Auf der ersten kurzen Ausfahrt rund um Amsterdam erwies
sich der Elroq, notabene noch im Vorserienstadium, als komfortables und
wendiges SUV. Dabei kann schon mal das Raumempfinden
durcheinandergeraten: Aufgrund des generösen Platzangebots wähnt man
sich in einem grösseren Fahrzeug, als es der Tscheche mit einer Länge
von 4.49 Metern tatsächlich ist. Gleichzeitig fühlt er sich kompakter
an, was sich anhand des Wendekreises von lediglich 9.7 Metern
verdeutlichen lässt. Das ist auf Niveau des Kleinwagens Fabia.
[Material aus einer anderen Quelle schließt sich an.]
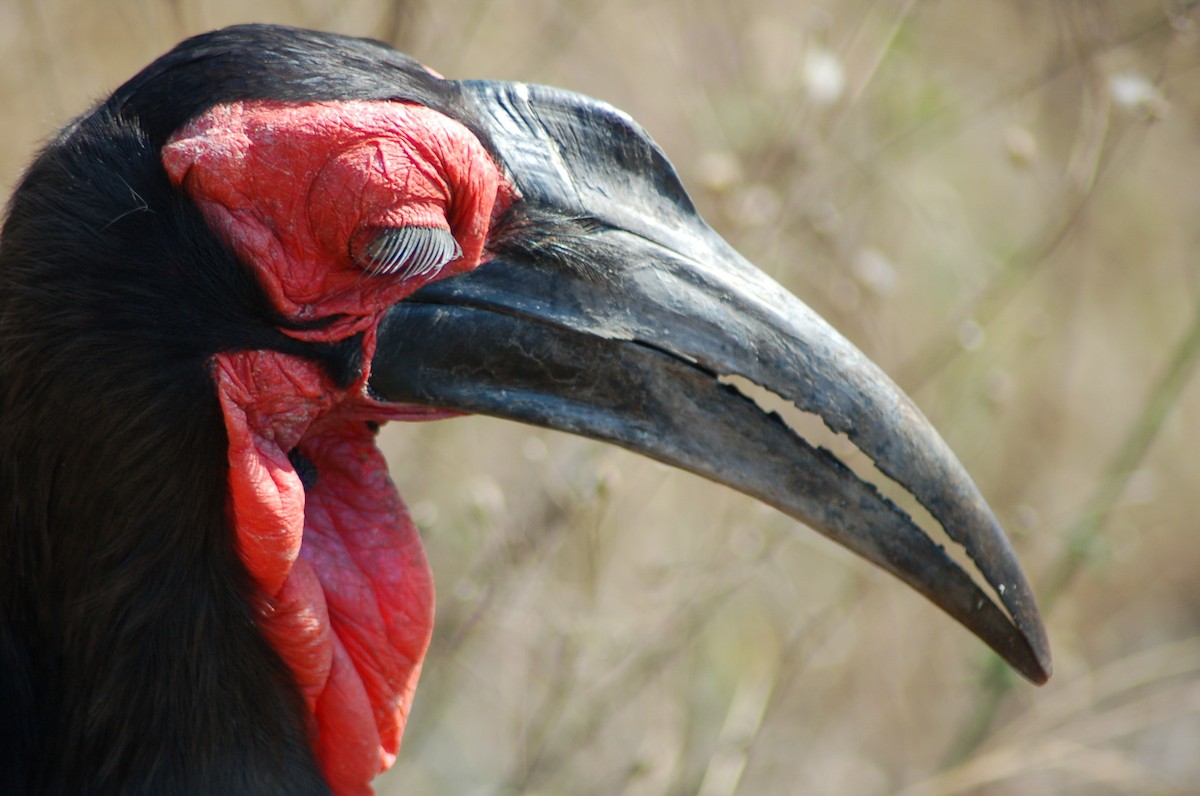 Southern Ground-Hornbill - Terence Alexander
Nicht ausprobieren konnten wir die zahlreichen
Assistenzsysteme, darunter erstmals ein Parkassistent, der sowohl das
fernbediente Einparkieren via Smartphone-App als auch das autonome
Navigieren bis auf die Parkfläche aufgrund des abgespeicherten Fahrwegs
ermöglicht. Vertiefte Fahreindrücke werden erst mit der Serienversion
möglich sein, die im Oktober Weltpremiere feiert. Auch Preise wird man
frühestens dann erfahren – Skoda-Chef Zellmer verspricht allerdings,
dass sie «wie gewohnt» auf einem konkurrenzfähigen Niveau sein werden.